Based on CVE-2022-2309 which is the security bug we are missing due the lxml version block, this only applies to lxml <4.9.1 when is used together with libxml2 2.9.10 through 2.9.14.

If I'm not wrong, xmlsec uses 2.9.4 when building win binaries and in its readme says that it requires at least 2.9.1, not sure if trying to force the latest libxml2 library

lxml 4.6.5 should be installing libxml2 2.9.10 and here is where we have problems.

We need to go deeper and see what was introduced in lxml 4.7.1 that broke the python3-saml parser. I believe is related to the c14N change commented on the changelog

The PR mentions ways to prevent installing lxml from binaries, but what gonna happen to project that already have lxml installed?

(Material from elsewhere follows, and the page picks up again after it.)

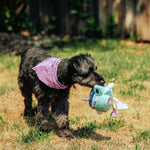 MUGSY TREAT POUCH DOG TOY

They should read the documentation that says to reinstall lxml without binaries.

Ideally yes, but in the real world, there are tons of projects which basically update dependencies automatically and they don't know what packages they are using at all.

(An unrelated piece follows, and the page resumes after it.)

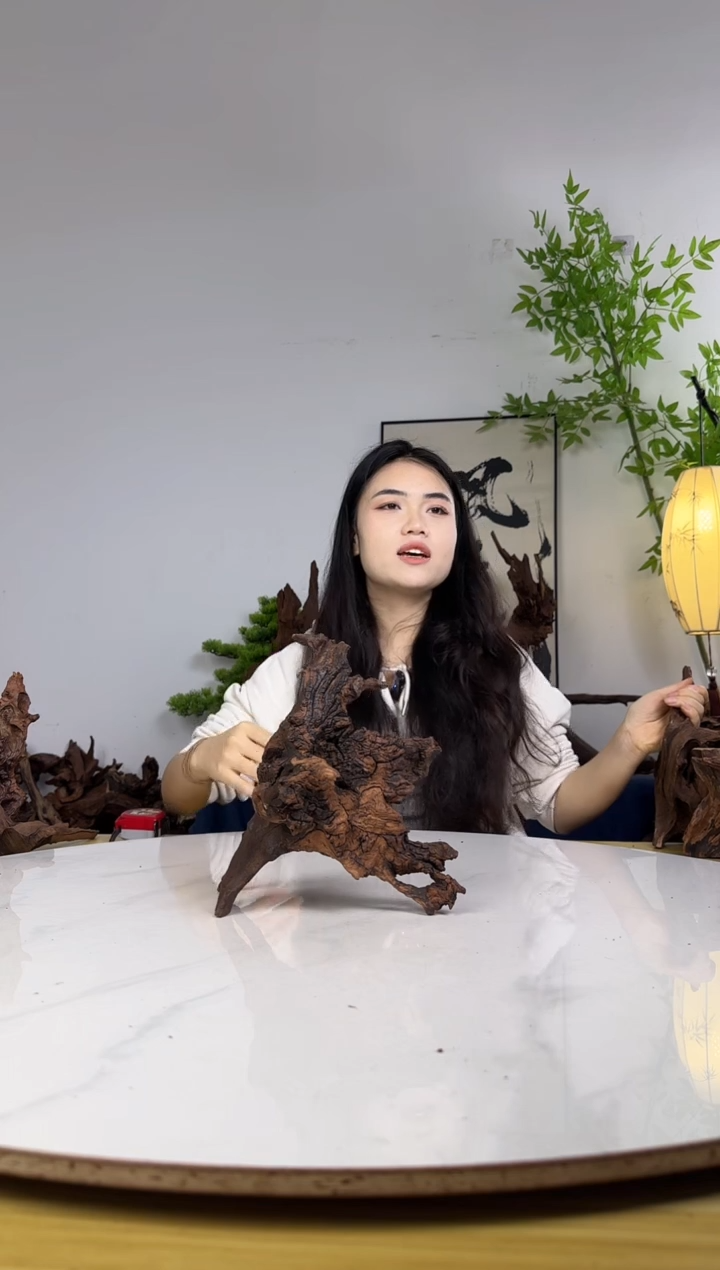 那****涼拍沉木定向链接编号9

nosnilmot commented 1 year ago

Based on CVE-2022-2309 which is the security bug we are missing due the lxml version block, this only applies to lxml <4.9.1 when is used together with libxml2 2.9.10 through 2.9.14.

If I'm not wrong, xmlsec uses 2.9.4 when building win binaries and in its readme says that it requires at least 2.9.1, not sure if trying to force the latest libxml2 library

This appears to be an incomplete sentence. I have not anywhere been suggesting forcing the latest libxml2 library, and I would strongly recommend against trying to force that, given it is a core OS library.

Except maybe on windows, you cannot hope to determine specifically what version of libxml2 xmlsec will use at runtime.

We need to go deeper and see what was introduced in lxml 4.7.1 that broke the python3-saml parser. I believe is related to the c14N change commented on the changelog

There is no specific change in lxml 4.7.1 that breaks python3-saml.

The most relevant lxml bug report is https://bugs.launchpad.net/lxml/+bug/1960668.

The cause is when system libxml2 (which xmlsec links to) is sufficiently different and incompatible with the libxml2 bundled with lxml.

The PR mentions ways to prevent installing lxml from binaries, but what gonna happen to project that already have lxml installed?

They should read the documentation that says to reinstall lxml without binaries.

Ideally yes, but in the real world, there are tons of projects which basically update dependencies automatically and they don't know what packages they are using at all.

By this argument users might also be updating lxml after installing python3-saml anyway, either because they want a fix for CVE-2022-2309 or they need python 3.11 compatibility (or both).

Let's not make perfect the enemy of progress here.

pitbulk commented 1 year ago

@nosnilmot is there any way to identify those libxml2 internal mismatch at python3-saml so we could add a warning while installing/updating or running tests?

nosnilmot commented 1 year ago

@nosnilmot is there any way to identify those libxml2 internal mismatch at python3-saml so we could add a warning while installing/updating or running tests?

Not directly, because xmlsec does not expose an API to determine what version of libxml2 it is using (neither the native library or the python bindings).

I have added a test for the known failure case to the testsuite, some variation of it could be included at runtime too. It's derived from the testcase on the lxml bug report. It does not guarantee there are no other subtle compatibility issues.

#!/usr/bin/env python
import xmlsec
from lxml import etree

def libxml2check():
    env = etree.fromstring('<xml></xml>')
    sig = xmlsec.template.create(
        env,
        xmlsec.Transform.EXCL_C14N,
        xmlsec.Transform.RSA_SHA256,
        ns="ds"
    )

    ds = etree.QName(sig).namespace
    cm = sig.find(".//{%s}CanonicalizationMethod" % ds)

    if cm is not None:
        return True
    else:
        return False

if libxml2check():
    print("ok")
else:
    print("fail")
pitbulk commented 1 year ago

Ok, thanks for all the info provided and the effort. I will try to get time and unblock this issue soon.